> _THE PROBLEM_: Transcribe only the lines of the listing below from the one holding "Prizm HINGE PILLAR" through the one holding "Slim Protection Case［", inclusive, without any change.

> _INPUT RECORDS_:
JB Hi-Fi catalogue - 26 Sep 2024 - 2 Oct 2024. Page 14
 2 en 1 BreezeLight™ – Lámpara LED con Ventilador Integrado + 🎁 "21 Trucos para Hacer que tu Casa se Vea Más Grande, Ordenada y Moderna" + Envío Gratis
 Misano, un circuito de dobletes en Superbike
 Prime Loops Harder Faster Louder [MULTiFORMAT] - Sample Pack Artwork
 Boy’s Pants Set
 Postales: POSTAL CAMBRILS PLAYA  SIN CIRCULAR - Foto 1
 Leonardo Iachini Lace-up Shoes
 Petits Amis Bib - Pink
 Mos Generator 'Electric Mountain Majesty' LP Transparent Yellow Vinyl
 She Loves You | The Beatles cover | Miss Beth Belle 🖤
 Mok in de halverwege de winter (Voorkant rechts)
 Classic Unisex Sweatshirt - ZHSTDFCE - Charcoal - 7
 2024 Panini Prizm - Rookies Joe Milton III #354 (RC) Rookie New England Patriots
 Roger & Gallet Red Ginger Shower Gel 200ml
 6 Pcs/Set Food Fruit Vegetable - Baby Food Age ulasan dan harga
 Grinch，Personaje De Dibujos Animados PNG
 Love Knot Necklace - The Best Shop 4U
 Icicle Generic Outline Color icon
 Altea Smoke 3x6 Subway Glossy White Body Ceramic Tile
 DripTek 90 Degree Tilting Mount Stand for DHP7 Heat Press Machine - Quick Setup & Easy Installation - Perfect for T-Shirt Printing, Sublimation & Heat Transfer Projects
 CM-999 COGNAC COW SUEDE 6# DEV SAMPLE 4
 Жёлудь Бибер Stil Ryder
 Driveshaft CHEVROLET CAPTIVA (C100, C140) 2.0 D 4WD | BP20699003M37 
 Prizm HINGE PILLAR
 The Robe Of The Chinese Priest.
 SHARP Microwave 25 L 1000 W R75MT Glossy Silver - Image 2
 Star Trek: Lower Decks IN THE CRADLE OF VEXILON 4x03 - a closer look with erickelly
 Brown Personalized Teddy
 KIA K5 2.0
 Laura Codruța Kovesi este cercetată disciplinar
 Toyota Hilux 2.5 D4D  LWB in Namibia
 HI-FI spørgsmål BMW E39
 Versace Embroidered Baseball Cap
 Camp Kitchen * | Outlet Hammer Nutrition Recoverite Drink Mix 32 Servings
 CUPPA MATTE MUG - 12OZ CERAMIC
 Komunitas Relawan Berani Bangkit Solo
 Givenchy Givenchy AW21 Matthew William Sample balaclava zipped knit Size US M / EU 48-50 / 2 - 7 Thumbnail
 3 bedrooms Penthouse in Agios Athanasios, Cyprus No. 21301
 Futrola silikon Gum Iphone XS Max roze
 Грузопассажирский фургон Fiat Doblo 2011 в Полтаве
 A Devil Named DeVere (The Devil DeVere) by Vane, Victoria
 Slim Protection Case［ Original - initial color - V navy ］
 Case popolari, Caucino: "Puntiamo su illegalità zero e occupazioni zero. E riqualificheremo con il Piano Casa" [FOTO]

> _ANSWER SPACE_:
 Prizm HINGE PILLAR
 The Robe Of The Chinese Priest.
 SHARP Microwave 25 L 1000 W R75MT Glossy Silver - Image 2
 Star Trek: Lower Decks IN THE CRADLE OF VEXILON 4x03 - a closer look with erickelly
 Brown Personalized Teddy
 KIA K5 2.0
 Laura Codruța Kovesi este cercetată disciplinar
 Toyota Hilux 2.5 D4D  LWB in Namibia
 HI-FI spørgsmål BMW E39
 Versace Embroidered Baseball Cap
 Camp Kitchen * | Outlet Hammer Nutrition Recoverite Drink Mix 32 Servings
 CUPPA MATTE MUG - 12OZ CERAMIC
 Komunitas Relawan Berani Bangkit Solo
 Givenchy Givenchy AW21 Matthew William Sample balaclava zipped knit Size US M / EU 48-50 / 2 - 7 Thumbnail
 3 bedrooms Penthouse in Agios Athanasios, Cyprus No. 21301
 Futrola silikon Gum Iphone XS Max roze
 Грузопассажирский фургон Fiat Doblo 2011 в Полтаве
 A Devil Named DeVere (The Devil DeVere) by Vane, Victoria
 Slim Protection Case［ Original - initial color - V navy ］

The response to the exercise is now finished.